__EXERCISE BRIEF__
Within the entries below, output exactly the lines between the line containing "Brown 5CM Flats" and the line containing "別窓でAmazon Prime Videoを開いて映画を再生して頂ければと思います", inclusive, and omit any picture.

Top of EXCERPTED RECORDS

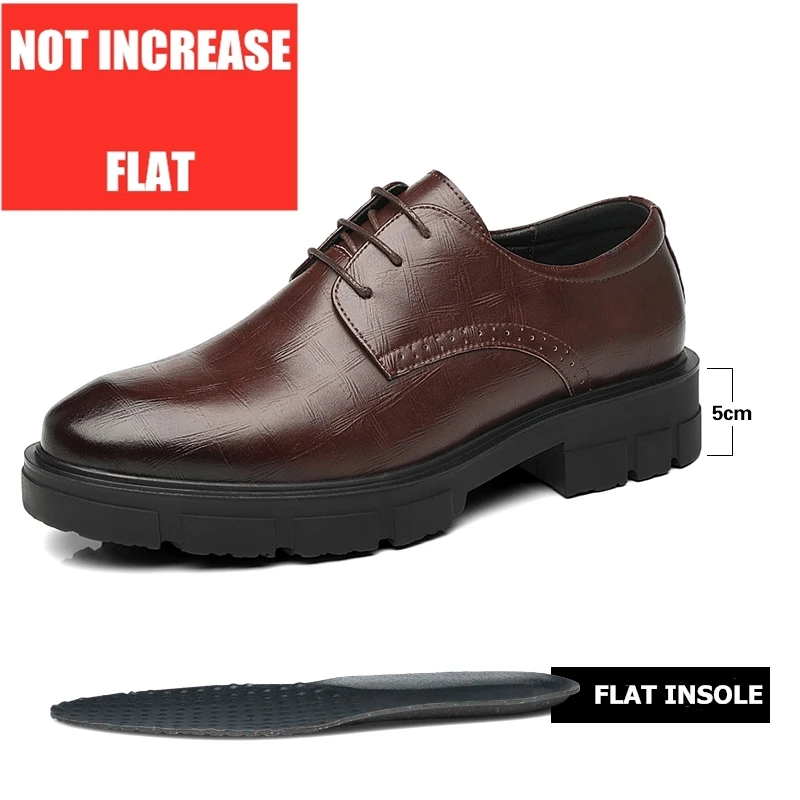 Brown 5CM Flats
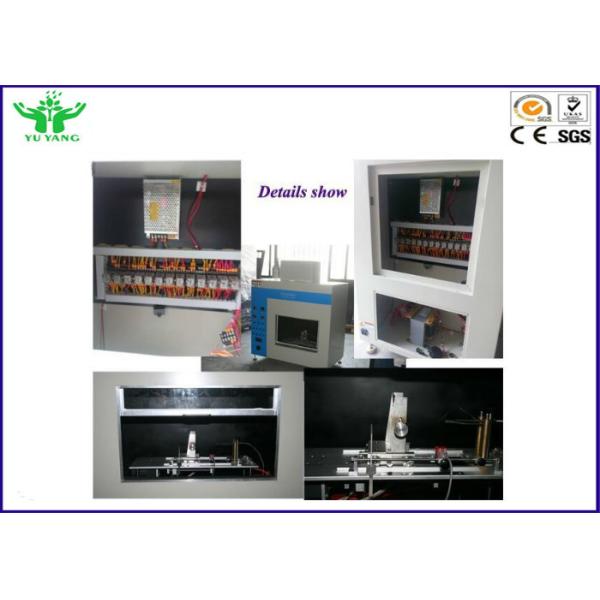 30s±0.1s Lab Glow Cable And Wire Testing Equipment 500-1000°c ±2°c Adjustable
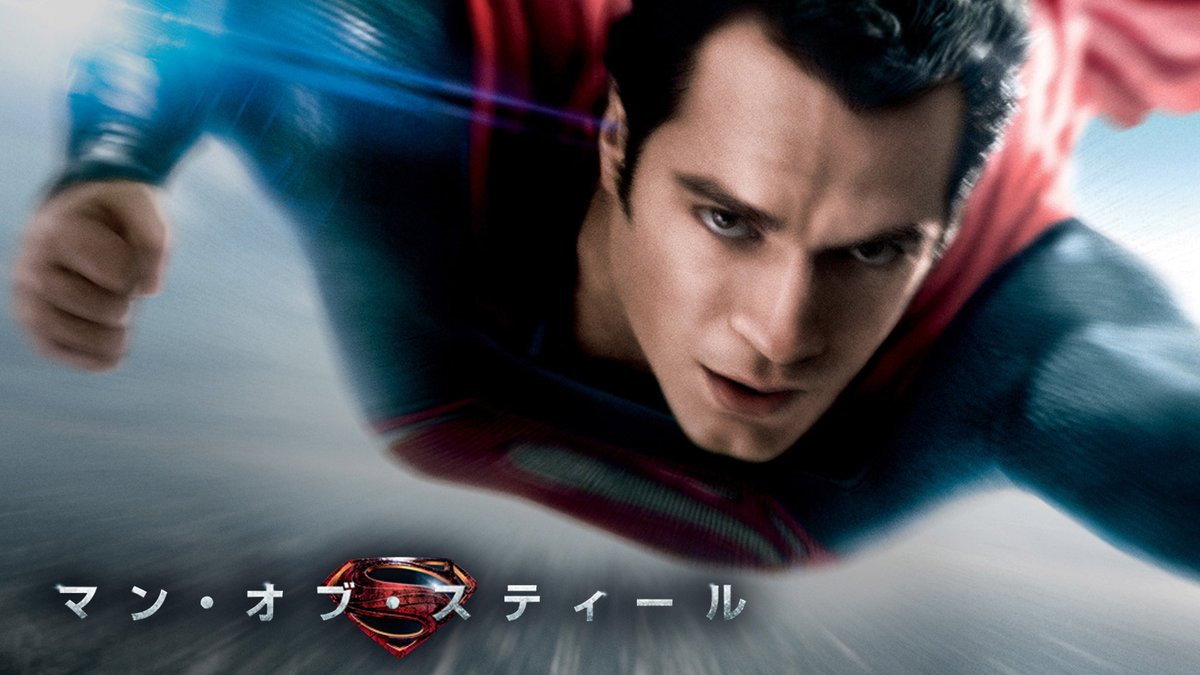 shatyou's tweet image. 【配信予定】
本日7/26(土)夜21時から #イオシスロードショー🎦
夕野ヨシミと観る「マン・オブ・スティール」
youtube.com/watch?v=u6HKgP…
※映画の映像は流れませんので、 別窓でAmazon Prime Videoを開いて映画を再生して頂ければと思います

Bottom of EXCERPTED RECORDS
Top of EXCERPTED RECORDS

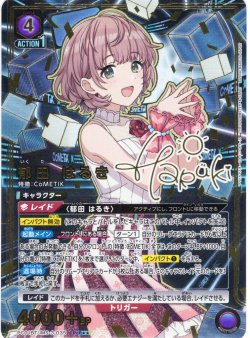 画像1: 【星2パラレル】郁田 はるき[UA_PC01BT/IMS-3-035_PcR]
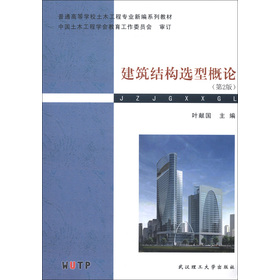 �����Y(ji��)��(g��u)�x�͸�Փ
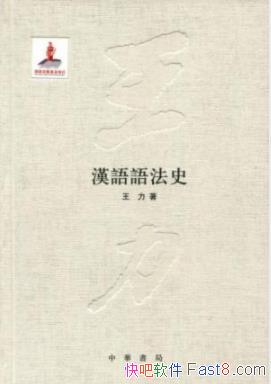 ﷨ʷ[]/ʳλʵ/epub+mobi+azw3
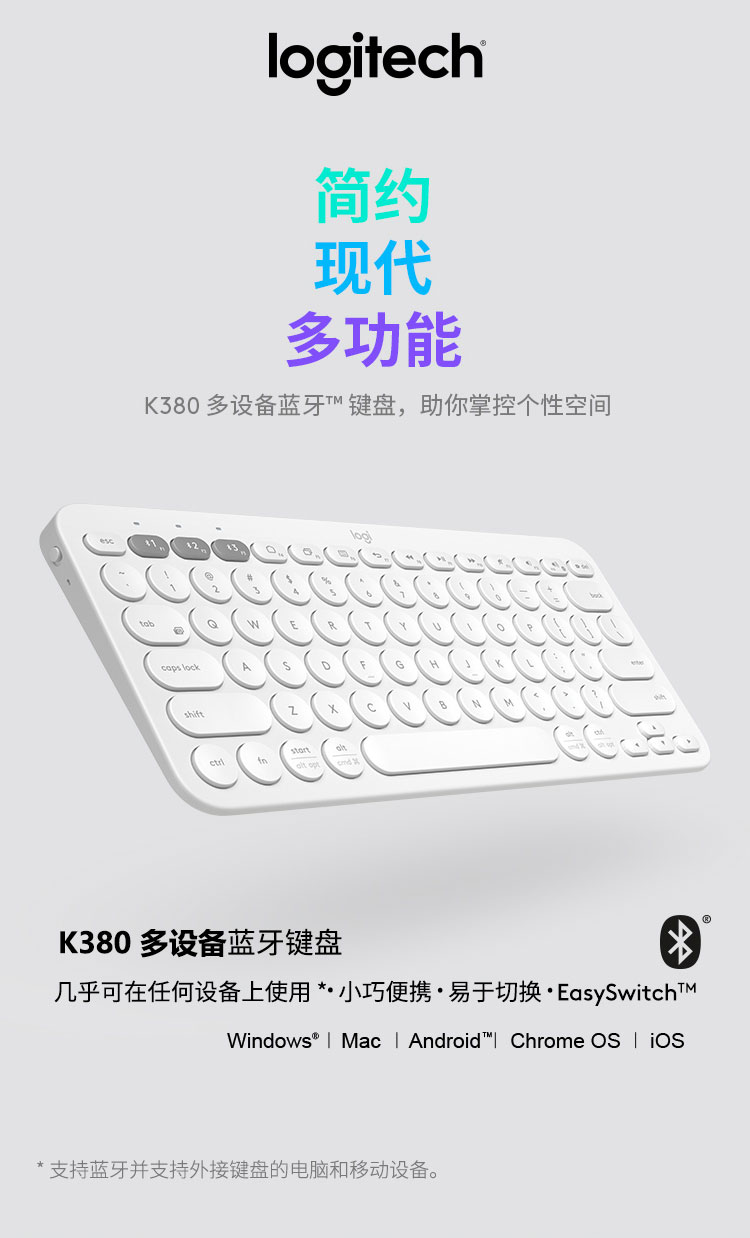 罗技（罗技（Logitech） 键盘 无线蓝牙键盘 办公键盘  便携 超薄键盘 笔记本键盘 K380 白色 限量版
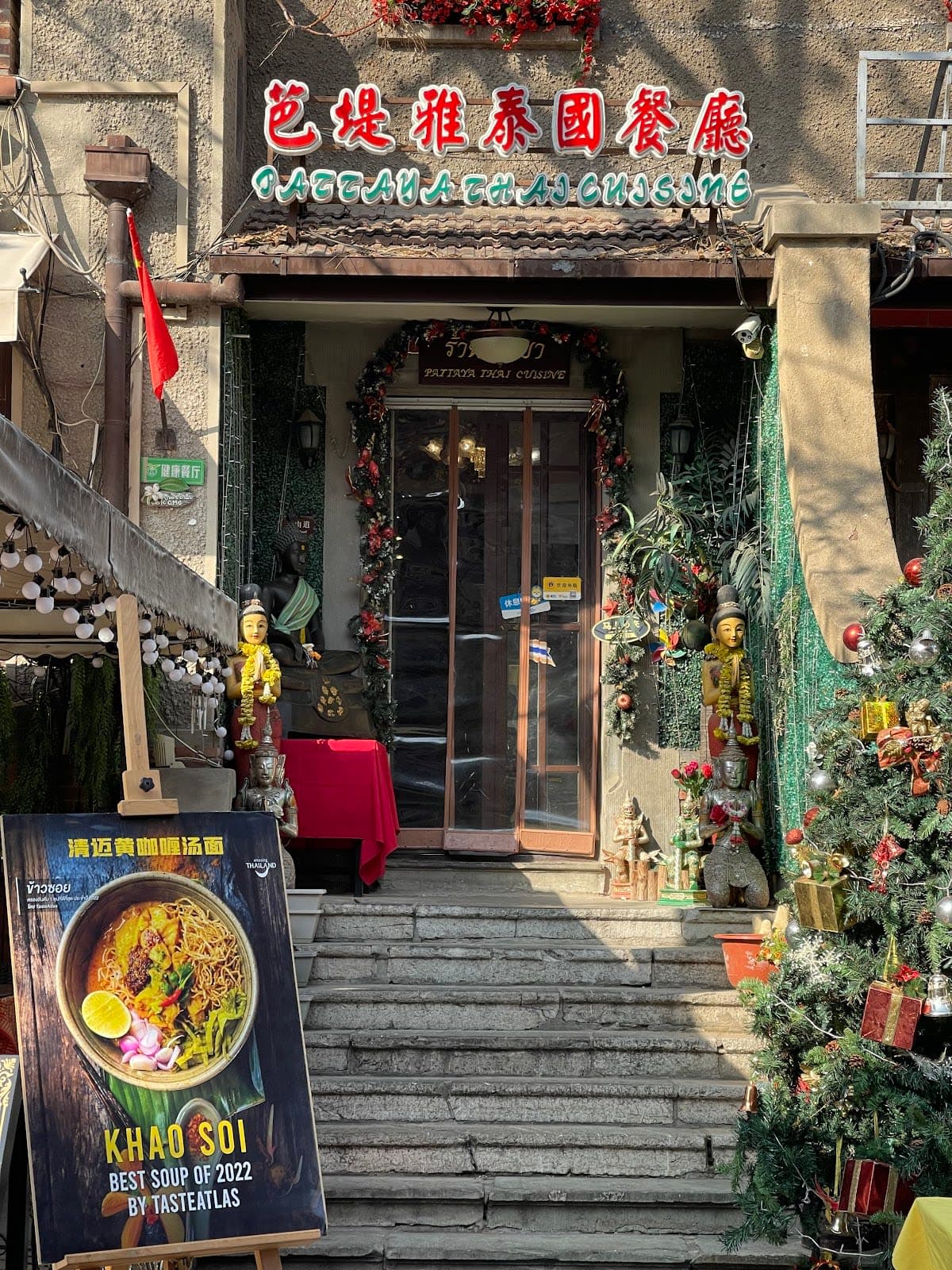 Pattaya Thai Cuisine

Bottom of EXCERPTED RECORDS

__REPLY TO THE EXERCISE__
 Brown 5CM Flats
 30s±0.1s Lab Glow Cable And Wire Testing Equipment 500-1000°c ±2°c Adjustable
 shatyou's tweet image. 【配信予定】
本日7/26(土)夜21時から #イオシスロードショー🎦
夕野ヨシミと観る「マン・オブ・スティール」
youtube.com/watch?v=u6HKgP…
※映画の映像は流れませんので、 別窓でAmazon Prime Videoを開いて映画を再生して頂ければと思います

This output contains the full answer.